Despite optimistic expectations, Mexico Industrial Production only grew 0.2% in 2018 and actually started contracting during the last two months of the year. It appears that foreign investors quickly caught on to the negative trends, as Foreign Direct Investment dropped 23.2% during the last quarter of 2018.
Fear and uncertainty play a large part in investments. It took until November 2018 for the United States-Mexico-Canada Agreement (USMCA) to be signed, and it still awaits ratification by all three nations. The unknowns are keeping many businesses from feeling confident about moving forward. With transportation – particularly, cars – being the largest export industry from Mexico, hesitation toward investment is not surprising given all the discussion around automobile and steel tariffs.
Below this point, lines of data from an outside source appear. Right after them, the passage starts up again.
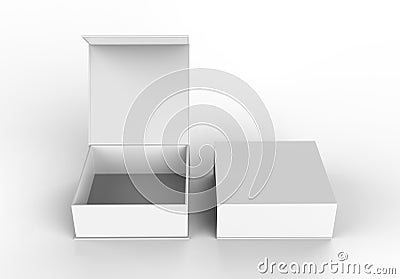 White blank hard cardboard box for branding presentation and mock up template, 3d illustration. Cartoon Illustration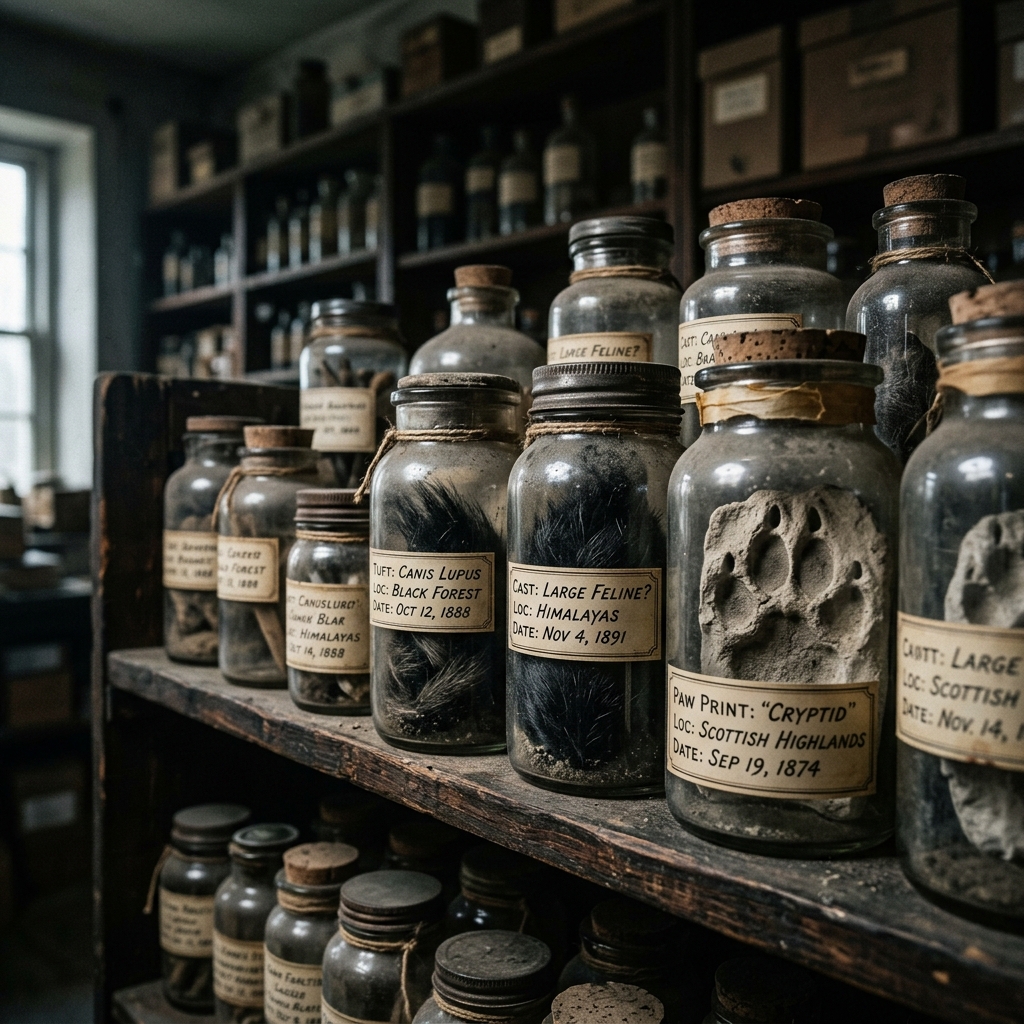Specimen collection maintained by the Foundation, documenting physical evidence from Highland expeditions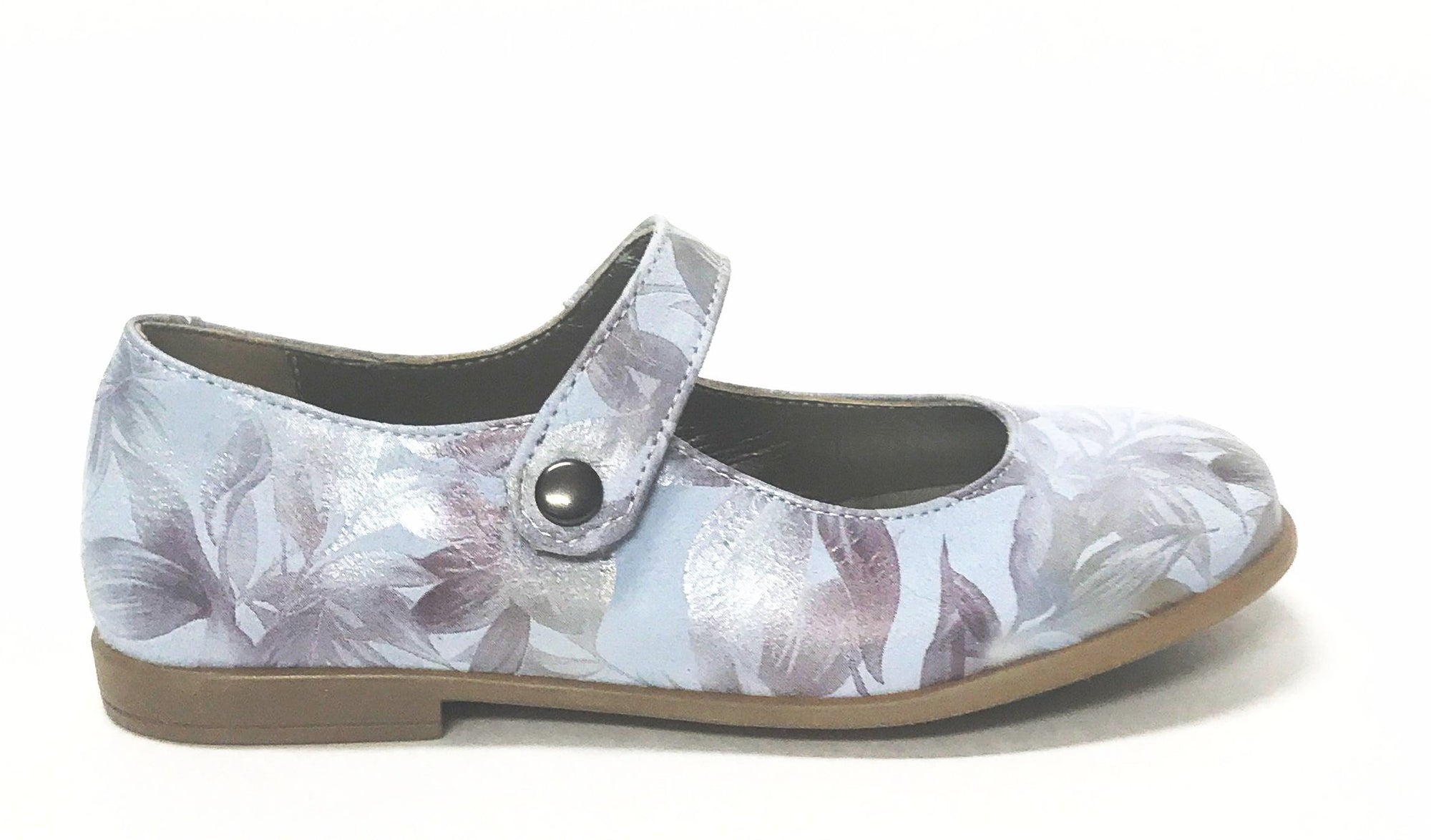Pepe Blue/Silver Floral Mary Jane-Tassel Children Shoes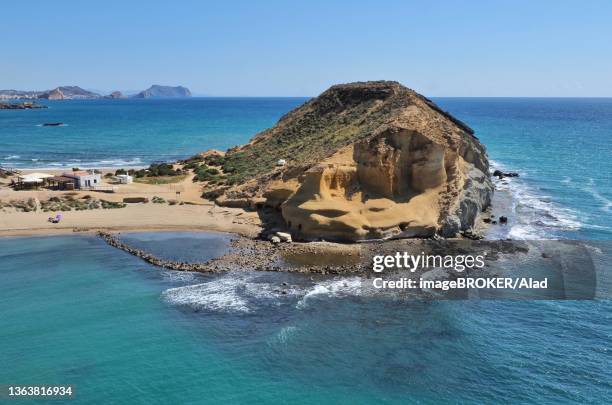 headland with cocedores bay with sandstone cliffs and view of cabo cope, sandy beach in front of aguilas, aguilas, murcia, spain - headland stock pictures, royalty-free photos & images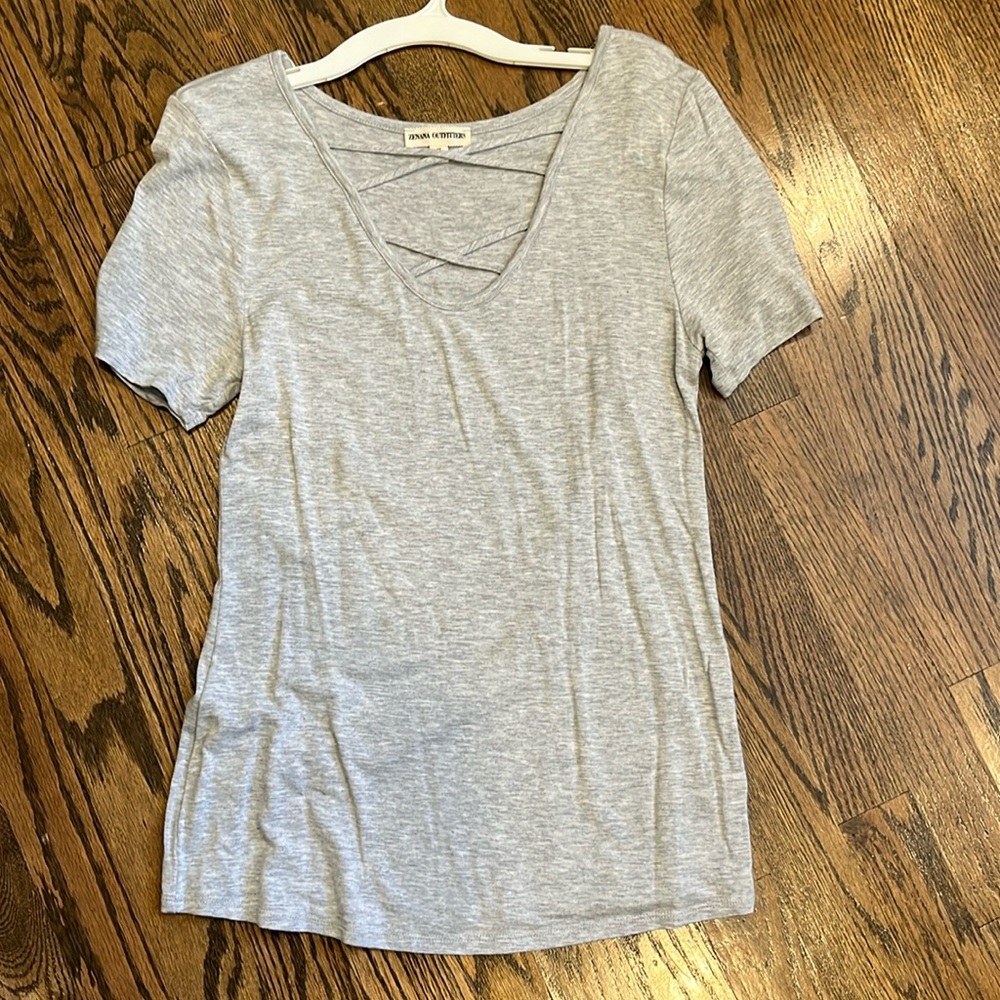 Zenana Outfitters Criss Cross Short Sleeve Shirt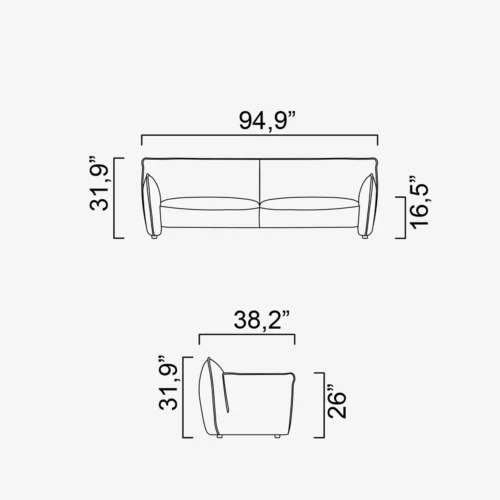 Tiffany 78.7" Long Sofa (Leather) - Image 2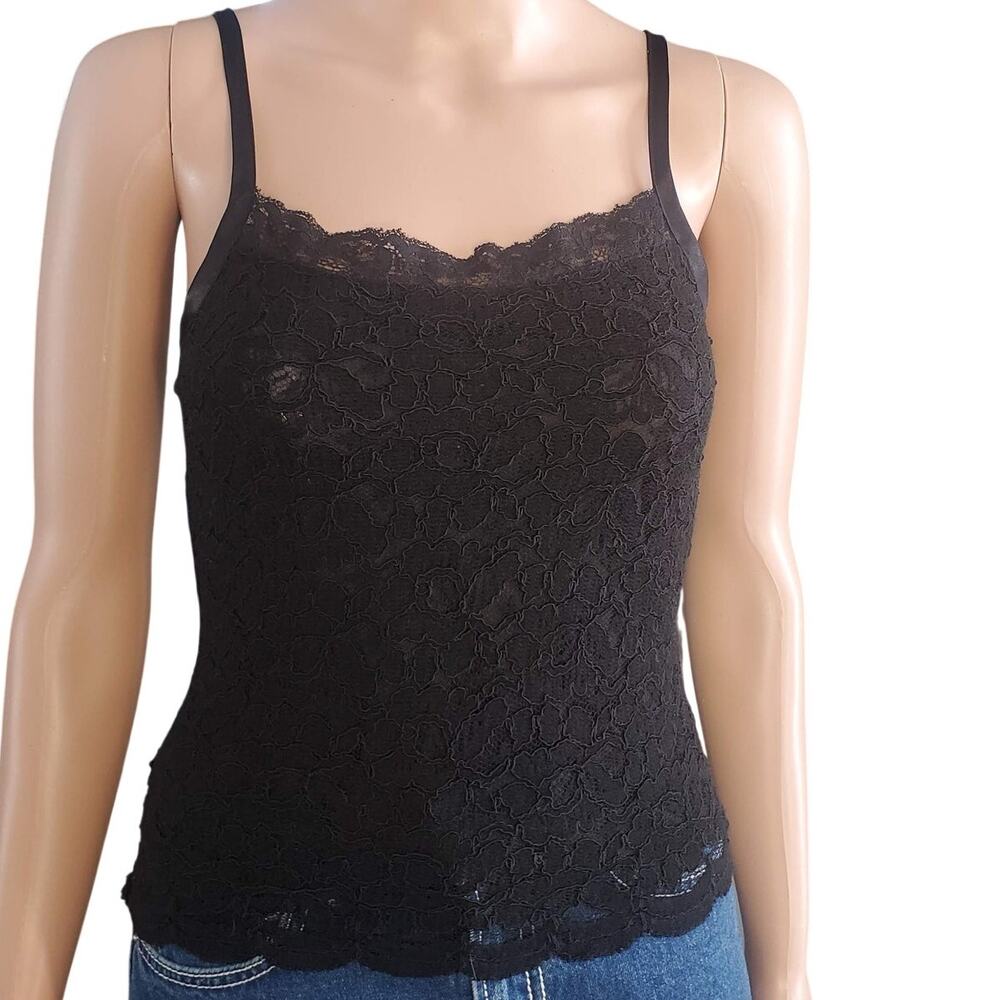 Liz Claiborne S Petite Black Lace Cami Fitted Tank Whimsygoth Y2K Goth Grunge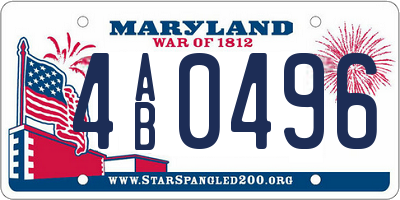 MD license plate 4AB0496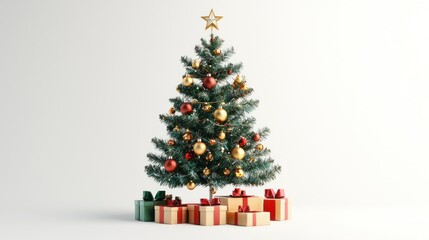 Decorated christmas tree with gifts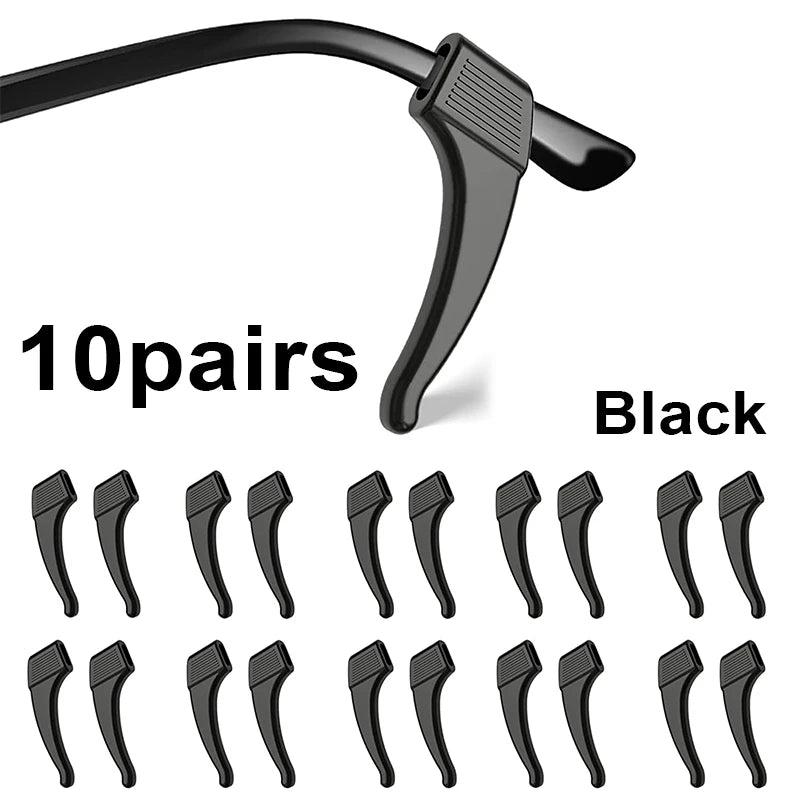 Ten pairs of black anti-slip silicone ear hooks for eyeglasses.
Many leading indicators are clearly indicating that the downside is not over for Mexico. We expect that Mexico Industrial Production will contract for the majority of this year.
If you are going to invest in Mexico, you need to do so with your timelines and specific markets in mind. We often encourage our clients to make investments during the bottom of a cycle. That is when your team will have ample time to devote to the endeavor, and, furthermore, you can expect lower EBITDA values to impact selling prices in your favor. Keep in mind that while 2019 decline in Mexico Industrial Production generally signals an opportune time for investment, your case may vary significantly, depending on which segment you are targeting in manufacturing, mining, or construction.
With confidence in Mexico’s economy dwindling, now is the time to quickly identify strategic targets and take advantage of other people’s pessimism.